One better decision he made Saturday following his takedown of Cormier – himself one of the greatest of all time whose only losses are to Jones – was in calling out Brock Lesnar.
He beamed when he was told that White said Saturday’s card was tracking to sell more than one million on pay-per-view, because he knows a Lesnar fight would do far more even than that.
Jones called out Lesnar, the ex-UFC heavyweight champion who is now starring in the WWE, in the cage after the fight and then explained his decision in detail at the post-fight news conference.
He does not, he said, want to campaign as a heavyweight and ruled out a match with the UFC’s champion, Stipe Miocic.
“I strike for a reason when I strike,” Jones said. “I feel Stipe is relatively unknown to the general public, so it wouldn’t even be a real super fight. It’s a fight the MMA fans would be excited for, but the general public wouldn’t care about that fight. Most people don’t know who he is. … Stylistically, Brock would be the fight that makes more sense and the payday would be tremendous.”
Lesnar filed retirement papers on Jan. 3, and still has time on a suspension for a drug test failure left to serve. The earliest he could return, if he notified the UFC and USADA on Monday that he is unretiring, would be in February.
But a fight between Jones and Lesnar would be massive and, as Jones correctly noted, would attract the attention of the mainstream fan. It would seem a slam dunk to do at least two million on pay-per-view.
Lesnar responded positively to Jones’ call-out, telling the Associated Press’ Greg Beacham, “Be careful what you wish for, young man.”

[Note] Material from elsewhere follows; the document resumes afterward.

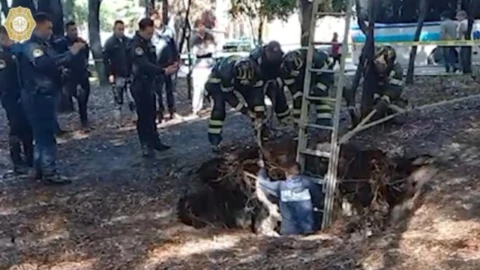 VIDEO: Rescatan a un perrito que cayó a un socavón en la Cuauhtémoc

Both men are 6-foot-4, but Lesnar is a hulk of a man who has to cut weight to make the heavyweight limit of 265 pounds.
Jones, though, believes he could win it.
“He has a pretty limited game, it’s a pretty winnable fight and there is so much reward that is involved,” Jones said.

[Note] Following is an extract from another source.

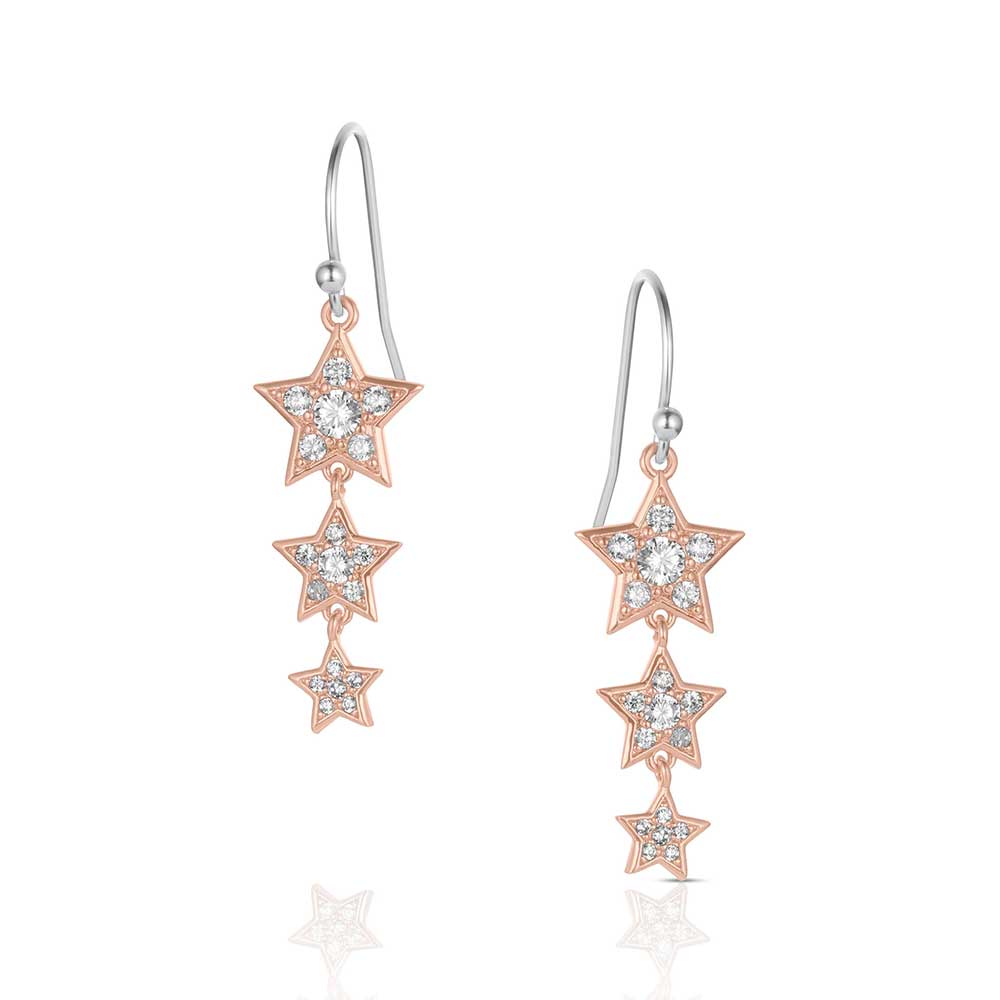 Montana Silversmith Earrings - Trio Of Wishes ER6311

Everything that he seemed he would become in 2011 when he routed Mauricio “Shogun” Rua at age 23 to become the youngest man ever to hold a UFC belt, he seems to be developing into now.

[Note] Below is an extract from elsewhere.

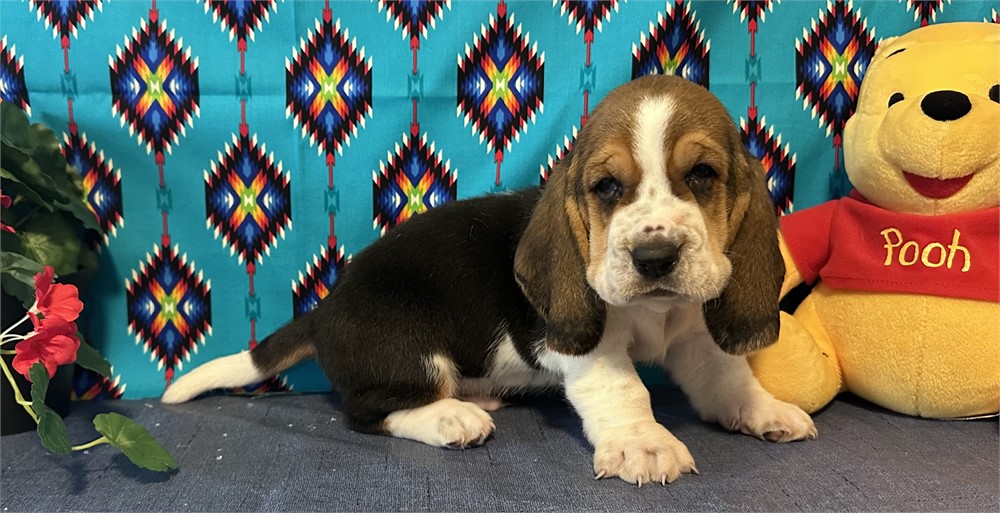 Basset Hound-Charlie-Birthday: 04/23/2026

He’s proven that he doesn’t deserve a long rope, but he seems to get that after enough screw-ups to fill five careers, and now he can take advantage of his enormous talent and personal charisma to fill his bank account with money and set his family up for generations.
UFC president Dana White, who said he hadn’t spoken to Jones for a year until the two spoke this week, was blown away by Jones’ performance.
“I truly believe Jon Jones is the best to ever do it,” White said. “I think he’s the best ever and had he not had these things go wrong in his personal life, God knows who he would have beaten and what he would have done by now. Without a doubt, [he’s] the best.
“To come off such a huge layoff, all kinds of issues and problems, and to do what he did tonight, man, this guy is the best to ever do it.”
He repeatedly put that at risk – he failed a drug test a month before his first fight with Cormier, having tested positive for cocaine – and still performed at an elite level.
He was effusive in his praise of Cormier, whom he once brawled with in the lobby of the MGM Grand in Las Vegas, and did everything he could to charm the 100 or so reporters who were hanging on his every word.
“It’s surreal to be here back in front of you all,” Jones said. “I’m more grateful than ever. At one point in my career, I dreaded doing some things like this. Now, after not having it, and realizing how easily it could all be gone, and not having this [his title belt], I’m more grateful for every ounce of this process.”
It was as if he shifted the clock back to 2011, when he’d run down a burglar earlier in the day and then had gone out and destroyed one of the UFC’s all-time greats later.
If he does a replay and skips the DUIs and the car crashes and the failed drug tests and just fights to the best of his ability, he’ll set a standard that may never be reached.
Twenty, 50, 75 years from now, if he stays on the straight and narrow, they’ll still be talking about him.
He’s that good, and always has been.